Trained Agent Mean Reward: -86.01198786666667 +/- 14.52192114452869
Best Agent Mean Reward: 378.30467026666673 +/- 138.96342264659938


### Reflection

Reflect on which  agent performs better at the task, and the training process involved (max 200 words).

In this task, we compared two agents trained on the `CarRacing-v2` environment: one using single grayscale frames, and the other using a stack of four consecutive grayscale frames. Although both agents struggled during training (having suboptimal behaviors like doing donuts) the best version of the stacked image agent performed significantly better in evaluation. Specifically, it achieved a mean reward of `378.30 +/- 138.96`, compared to the single image agent’s `99.82 +/- 125.33`.

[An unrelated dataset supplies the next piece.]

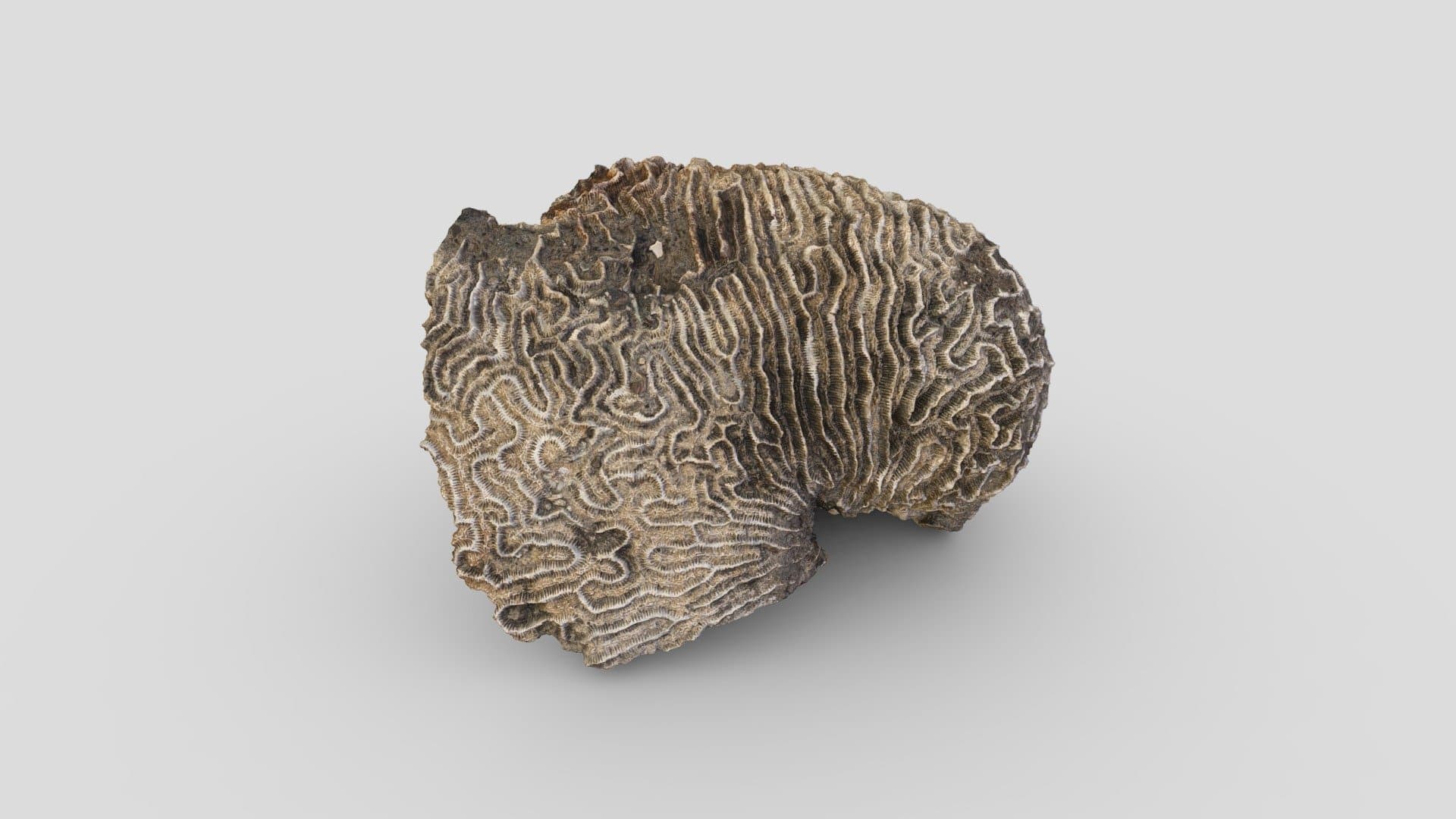 Hersenkoraal | brain coral (1600-1675)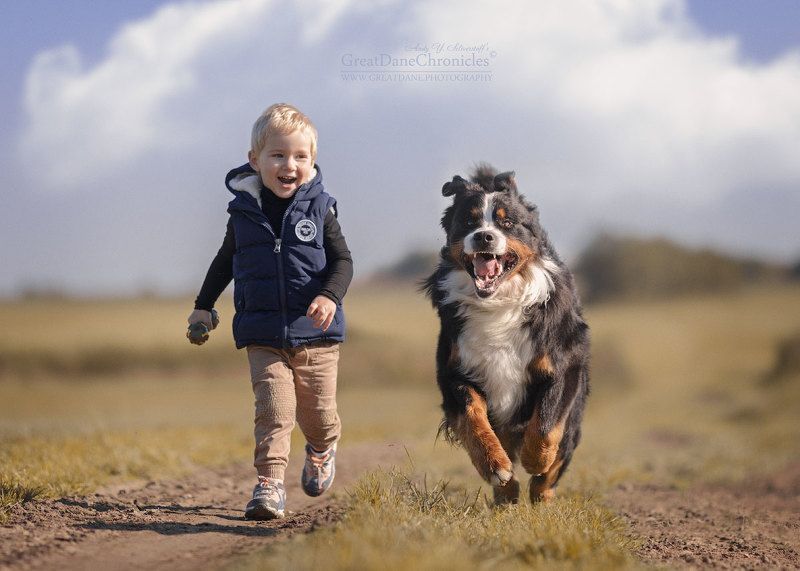 Quickly run, even faster! фото превью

The training environments were nearly identical, with the primary difference being the use of VecFrameStack for the stacked agent. This image stacking allowed the agent to infer motion and momentum, providing better context for decision-making in a dynamic environment. In contrast, the single image agent lacked this temporal awareness, which likely made it worse when learning effective driving strategies.

Despite the training being mostly ineffective, the final evaluation suggests that the stacked image agent is far superior for this task. The stark difference in reward highlights the importance of temporal information in environments like CarRacing, where understanding speed, direction, and continuity between frames is a big deal.

Overall, the stacked image approach proves to be a more effective representation for training agents in continuous control tasks.